▶ [What to do]: Return the lines of the data below, from the one containing "Presentation with psychology" through the very last, exactly and with both ends included; no pictures.

▶ [Available data]:
* * * * * * *

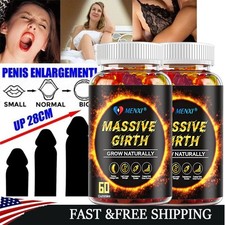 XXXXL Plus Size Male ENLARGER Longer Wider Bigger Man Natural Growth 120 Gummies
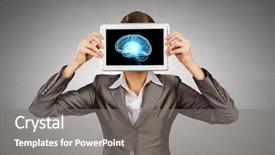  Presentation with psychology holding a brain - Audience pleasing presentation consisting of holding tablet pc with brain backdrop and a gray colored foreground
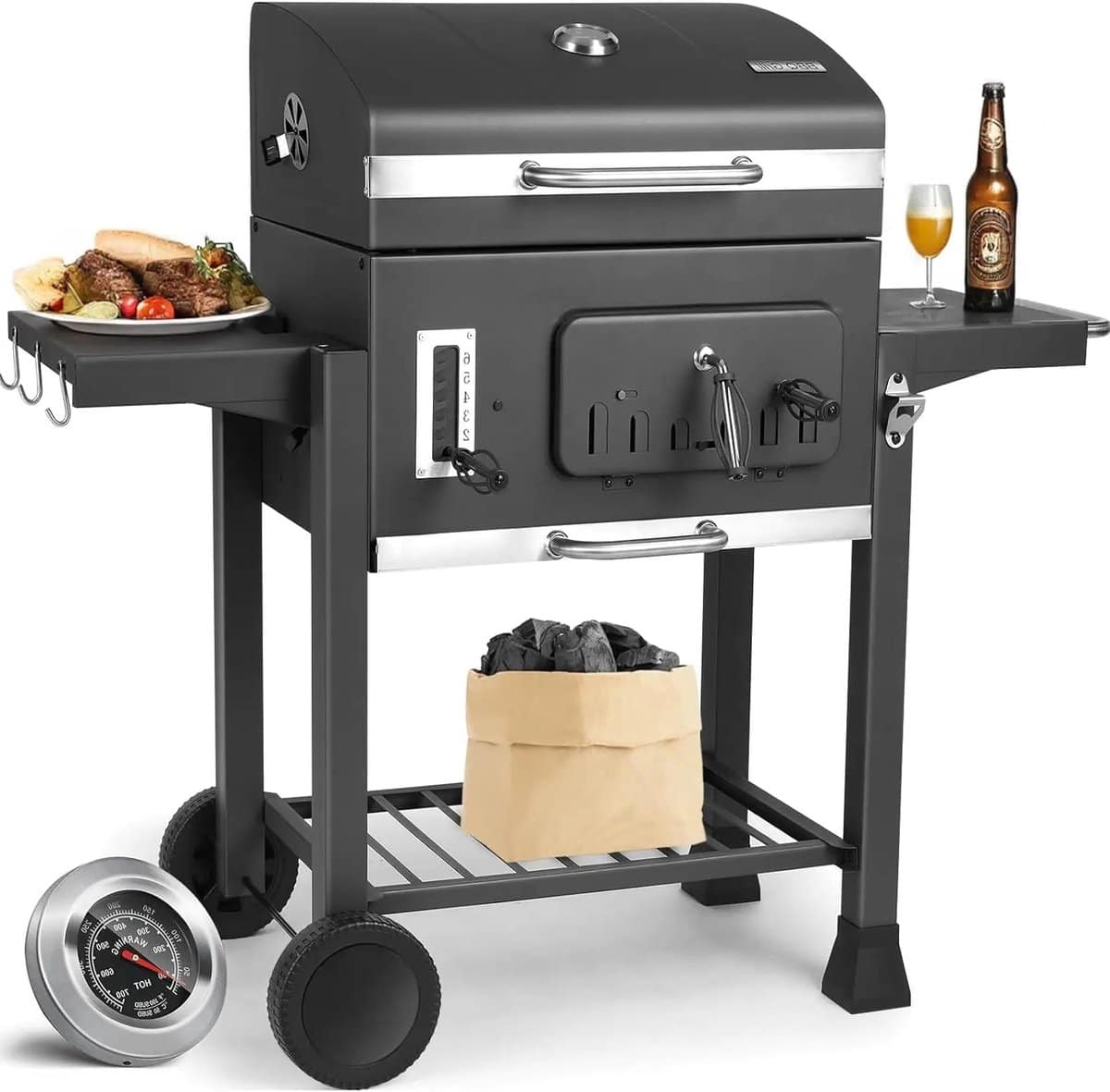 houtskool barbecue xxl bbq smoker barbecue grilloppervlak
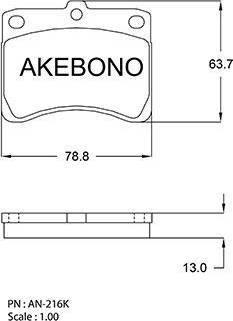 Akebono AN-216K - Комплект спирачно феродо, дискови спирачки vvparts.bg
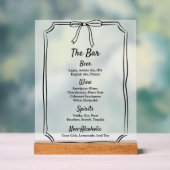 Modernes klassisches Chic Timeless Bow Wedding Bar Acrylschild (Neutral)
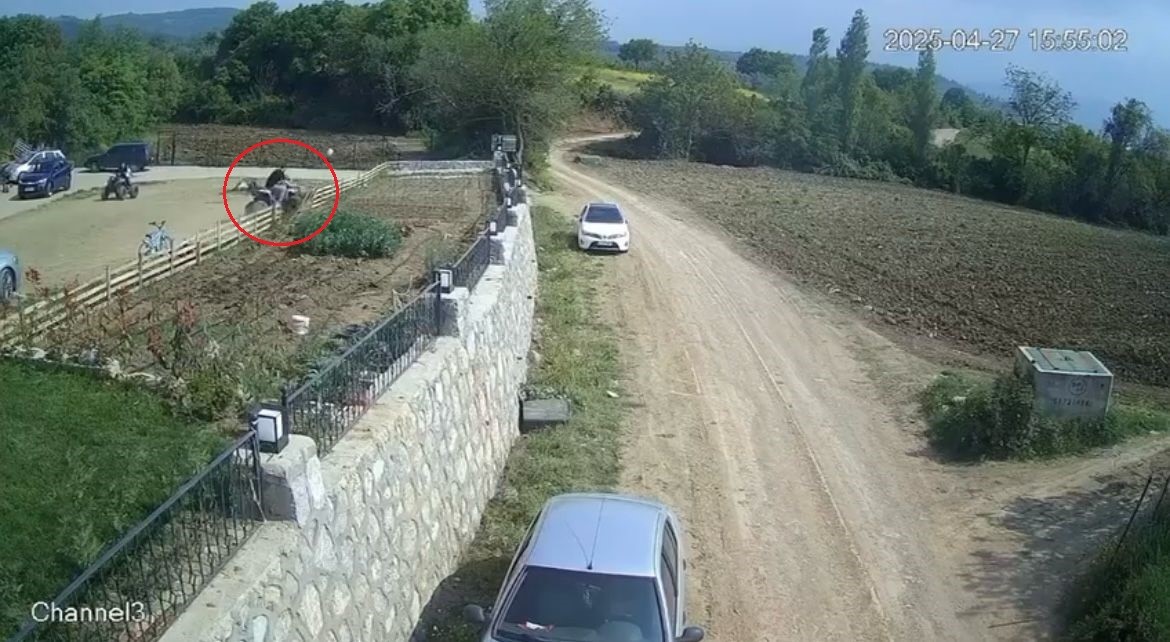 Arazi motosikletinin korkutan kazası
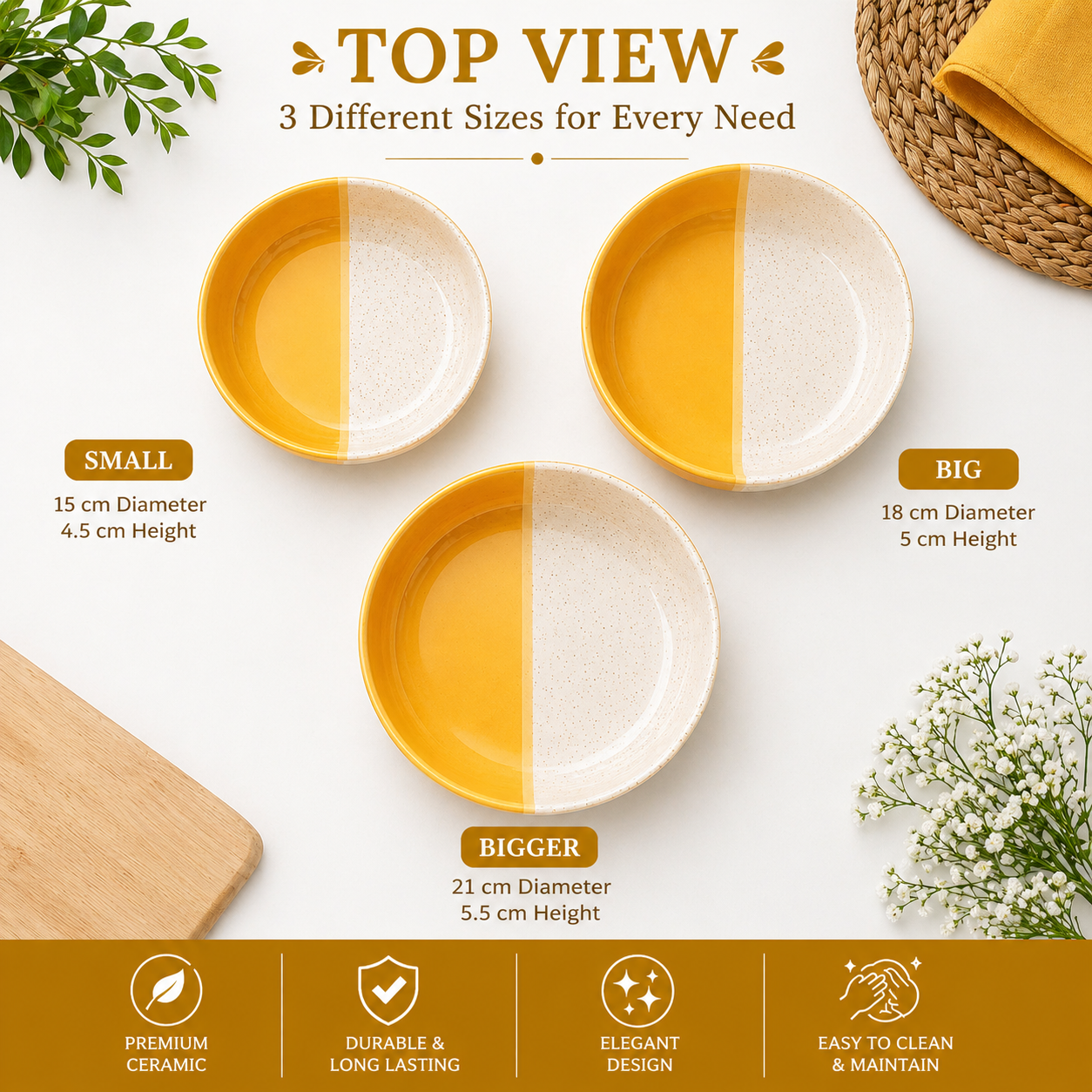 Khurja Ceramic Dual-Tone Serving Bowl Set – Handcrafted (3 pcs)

* * * * * * *

▶ [Solution to the problem]:
  Presentation with psychology holding a brain - Audience pleasing presentation consisting of holding tablet pc with brain backdrop and a gray colored foreground
 houtskool barbecue xxl bbq smoker barbecue grilloppervlak
 Akebono AN-216K - Комплект спирачно феродо, дискови спирачки vvparts.bg
 Modernes klassisches Chic Timeless Bow Wedding Bar Acrylschild (Neutral)
 Arazi motosikletinin korkutan kazası
 Khurja Ceramic Dual-Tone Serving Bowl Set – Handcrafted (3 pcs)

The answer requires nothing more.